Matteo “u siccu” aveva buoni “amici” in Calabria. Pronti a servirlo, proteggerlo e nasconderlo. Gente riservata capace di trovargli un rifugio sicuro, lontano dai clamori siciliani e dagli “sbirri” che gli davano la caccia.
La conferma è arrivata nell’aprile del 2018 con l’operazione “Anno Zero” condotta dalla procura di Palermo contro la vasta rete di fiancheggiatori dell’ex superlatitante. «Matteo era in Calabria ed è tornato» dice uno dei “picciotti” poi arrestato durante il blitz. Nelle conversazioni intercettate viene anche detto che Messina Denaro ha «incontrato cristiani».
Non sono parole al vento e Paolo Guido, il magistrato calabrese che guida gl’investigatori incaricati di trovare la “primula” di Castelvetrano, lo sa bene. Sette anni prima, infatti, un ex pizzaiolo di Cosenza, Luigi Paternuosto, lesto di lingua e di pistola, passato a collaborare con la giustizia, aveva raccontato all’ex procuratore aggiunto antimafia di Catanzaro, Giuseppe Borrelli (ora a Salerno) una strana storia.
Siamo nel maggio del 2011 e Paternuosto rivela che nel 2001, nel centro storico del capoluogo bruzio, vide all’esterno della pizzeria dove lavorava come copertura, «delle persone che non conoscevo e che riuscii a intravedere solo di profilo. Vidi questi due parlare con persone legate a Domenico Cicero (storico boss cosentino ergastolano n.d.r.) le quali, quando gli sconosciuti andarono via, mi confidarono che si trattava di due emissari di Totò Riina e Matteo Messina Denaro che, in considerazione dei buoni rapporti, erano venuti per comprare degli appartamenti. So che questo affare andò in porto ma non so indicare quali siano questi appartamenti». Il magistrato inquirente catanzarese inviò gli atti ai colleghi palermitani. E nel dicembre del 2013 i poliziotti delle squadre mobili di Palermo e Trapani eseguirono delle perquisizioni alle porte del capoluogo dell’Alta Calabria, a Mendicino, cercavano il mafioso siciliano tra le colline che guardano alla Sila ma non ebbero fortuna. “U siccu” non c’era.

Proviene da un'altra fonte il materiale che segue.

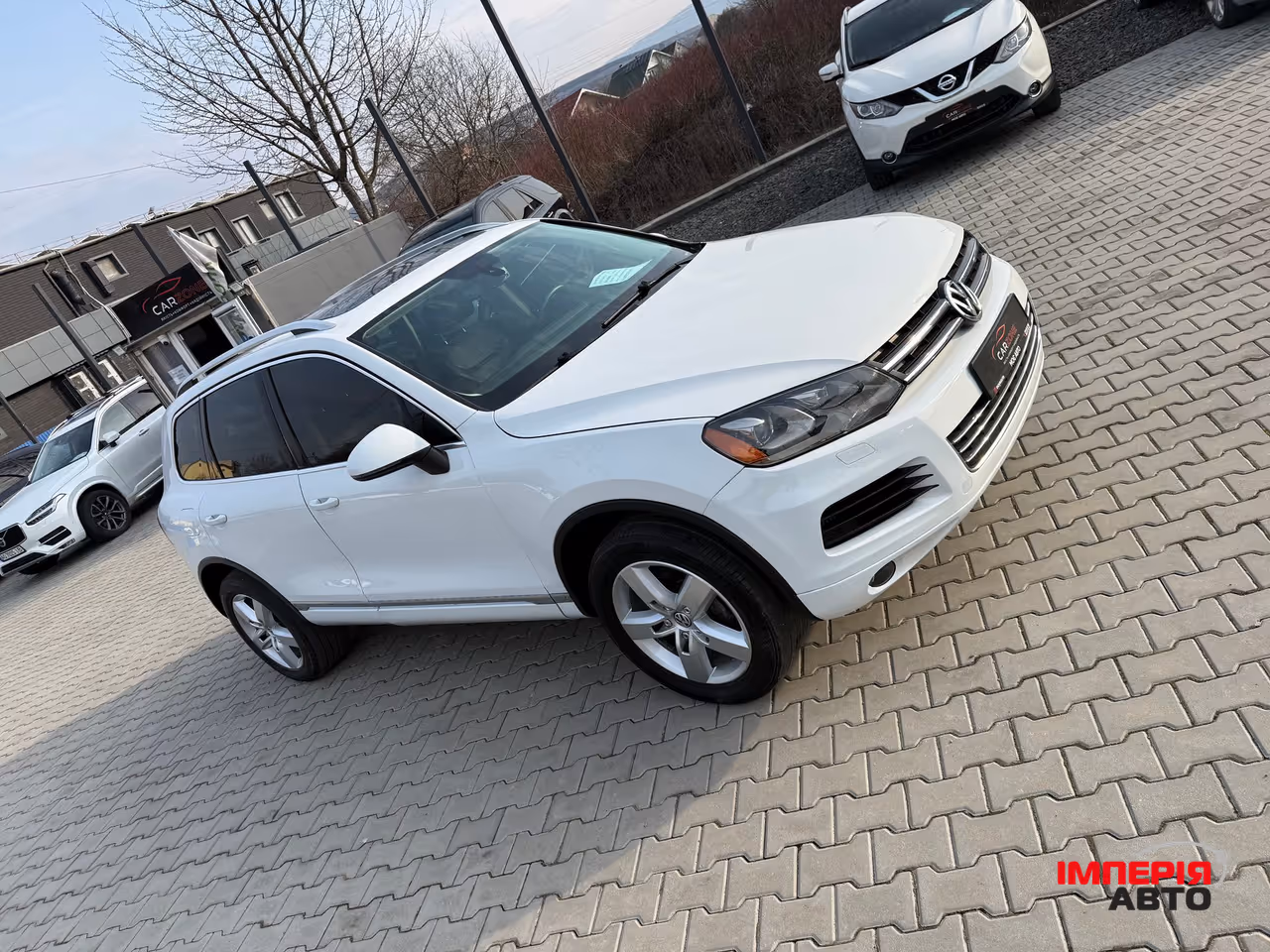 Volkswagen Touareg - фото 14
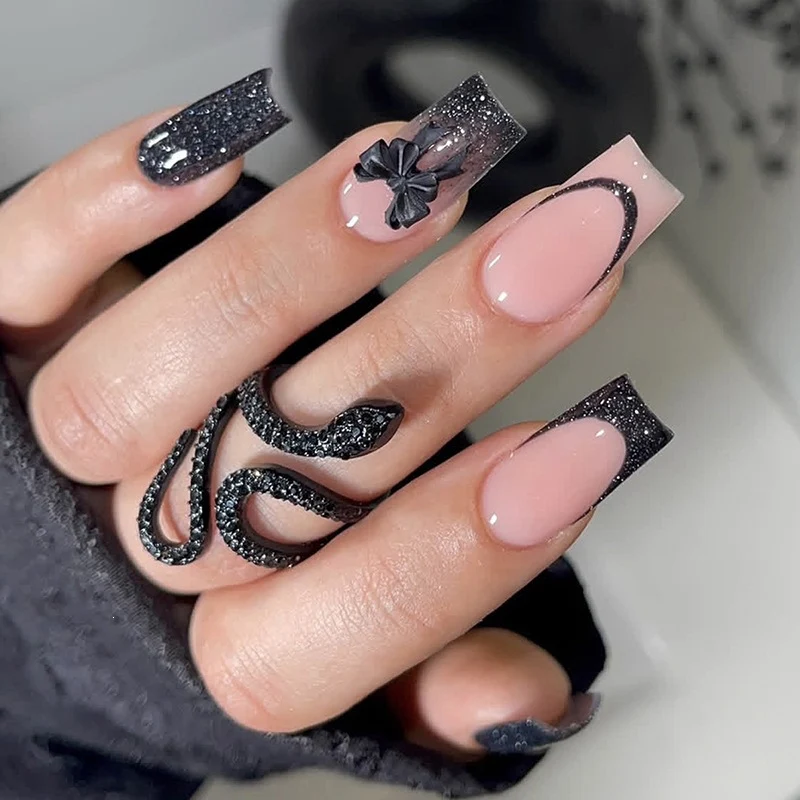 Kunstnagelset mit stilvollen Glitzer- und Ombre-Elementen Brehn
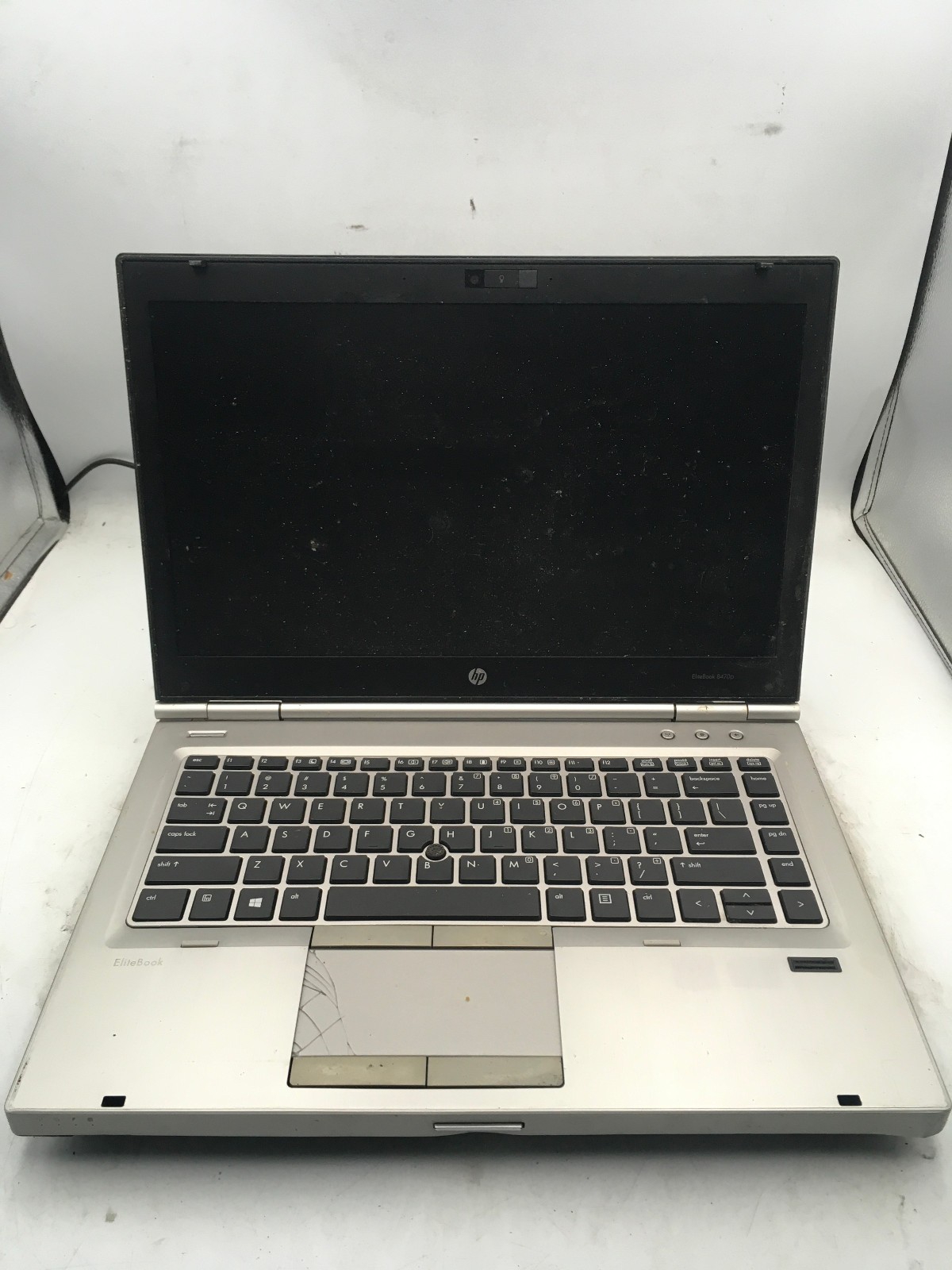 HP ELITEBOOK 8470P – FOR PARTS/BROKEN LCD – INTEL I5 3RD GEN – NO RAM – READ -BB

I legami tra l’ala corleonese di Cosa Nostra e la ‘ndrangheta affondano le loro radici nel tempo. A Cosenza, nei primi anni 90, erano stati ospiti dei killer cosentini Dario e Nicola Notargiacomo, i boss di Brancaccio, Filippo e Giuseppe Graviano, il sicario (e poi pentito) Giuseppe Marchese e l’«azionista» Giovanni Drago, l’uomo che uccise in un sol colpo la madre, la sorella e la zia del “chimico” della mafia isolana Francesco Marino Mannoia.

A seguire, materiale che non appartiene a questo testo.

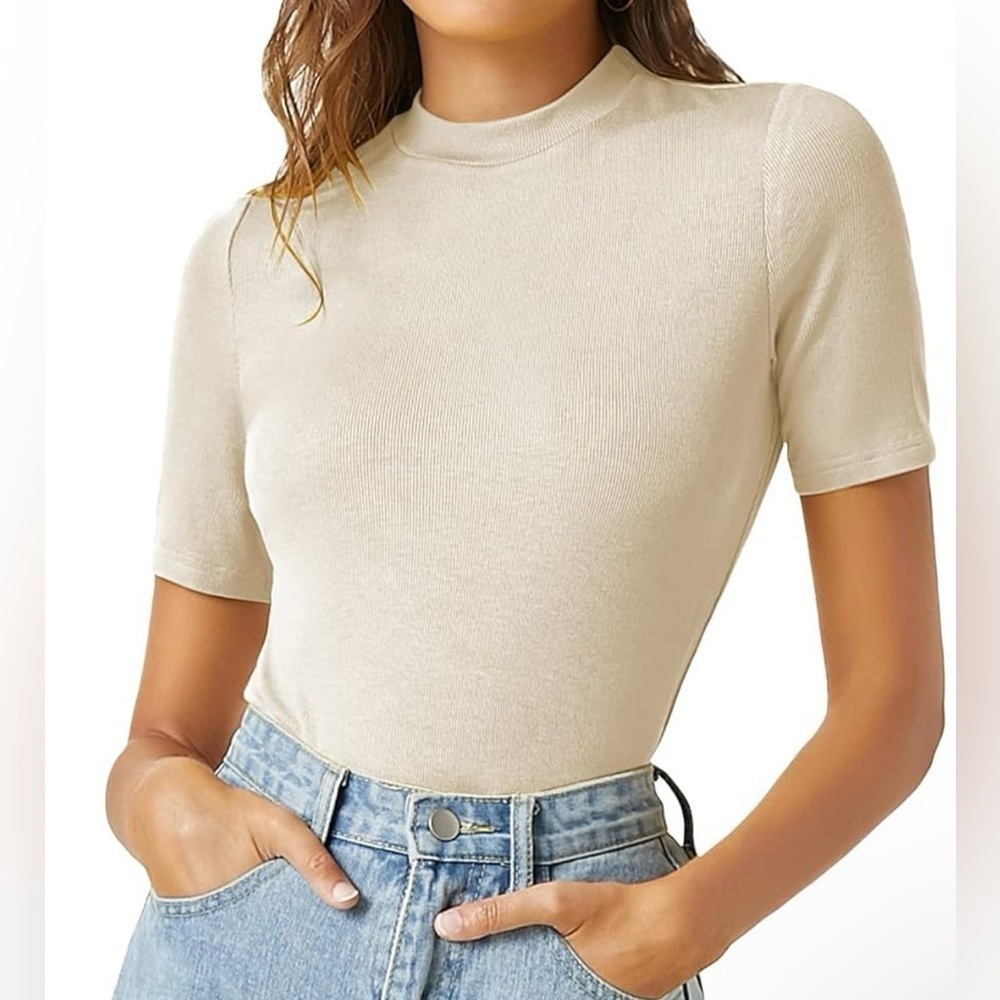 NWT Women’s casual mock neck rib tee - size XL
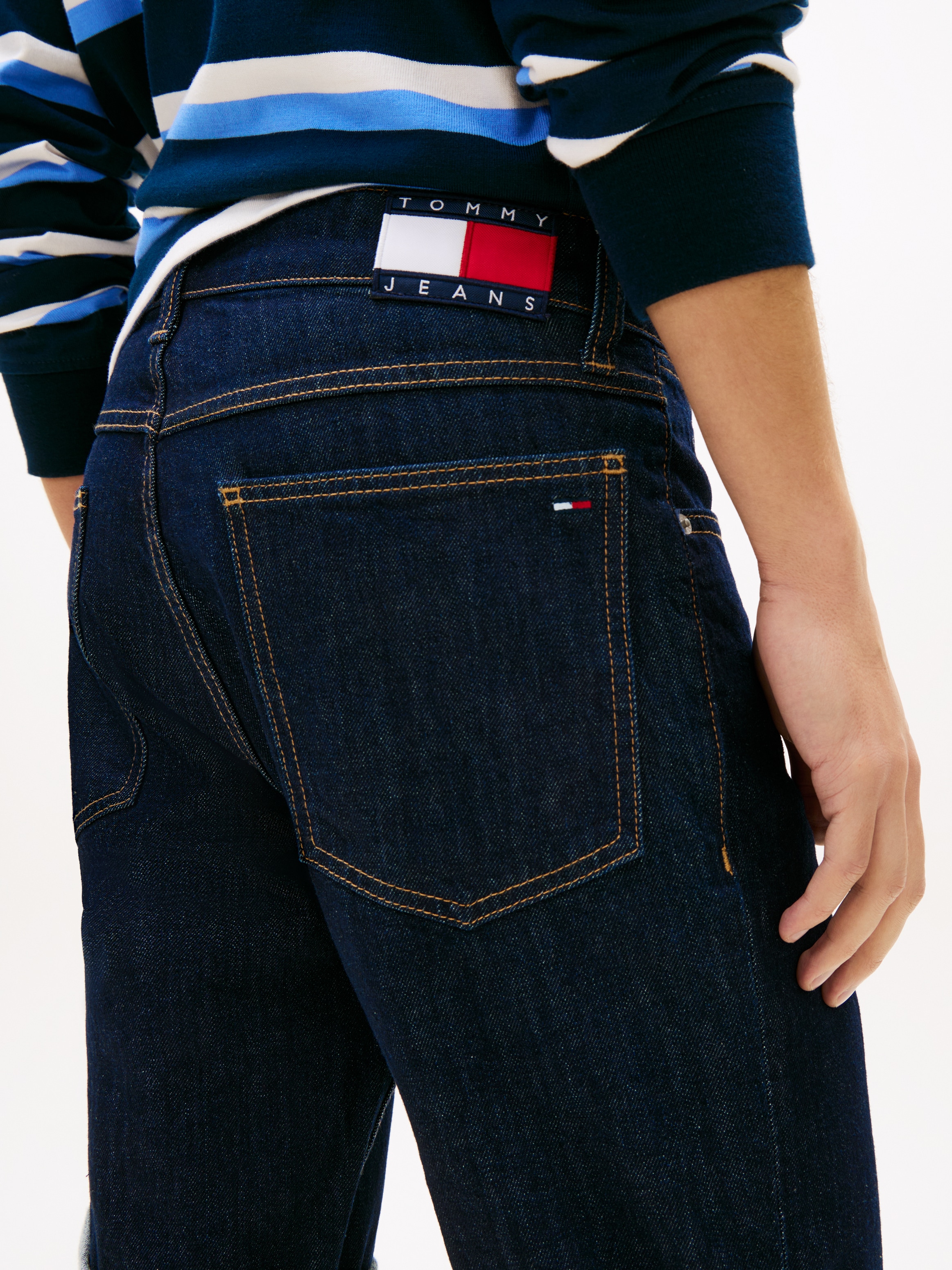 Tommy Jeans Shorts »RONNIE«  Regular fit mit praktischen Taschen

Il collaboratore Paternuosto ha confessato che i rapporti vennero “rinverditi” durante la comune detenzione in un carcere del settentrione patita da Cicero con Totuccio “u curtu” (Riina). Il “capo dei capi” - secondo il collaboratore - «era stato visto poggiare un braccio sulla spalla di Cicero» in segno di considerazione e fiducia. A conferma del solido filo criminale che lega i corleonesi alla Calabria e poi giunta l’inchiesta bis avviata tre anni addietro dalla Dda di Reggio, guidata da Giovanni Bombardieri, sull’omicidio del sostituto procuratore generale della Cassazione, Antonino Scopelliti.

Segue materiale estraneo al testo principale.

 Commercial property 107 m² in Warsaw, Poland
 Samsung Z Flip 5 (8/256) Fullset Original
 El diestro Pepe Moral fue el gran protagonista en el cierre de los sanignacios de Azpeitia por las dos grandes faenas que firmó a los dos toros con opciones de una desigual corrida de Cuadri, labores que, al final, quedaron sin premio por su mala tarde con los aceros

Tra i boss calabresi e siciliani indagati - a seguito delle dichiarazioni rese dal pentito catanese Maurizio Avola - figura pure Matteo Messina Denaro. Il padrino del Trapanese è inserito nell’indagine nella veste di componente della “cupola” che ordinò la eliminazione del magistrato avvenuta nell’agosto del 1991. A capire per primo che non si trattava di un delitto di ‘ndrangheta fu Giovanni Falcone: a Claudio Martelli, all’epoca ministro della Giustizia, il giudice siciliano, appena giunsero a Reggio, disse che la morte di Scopelliti riguardava la celebrazione in Cassazione del maxiprocesso di Palermo. Nino Scopellitti, infatti, avrebbe dovuto sostenere la pubblica accusa nel grado finale di giudizio.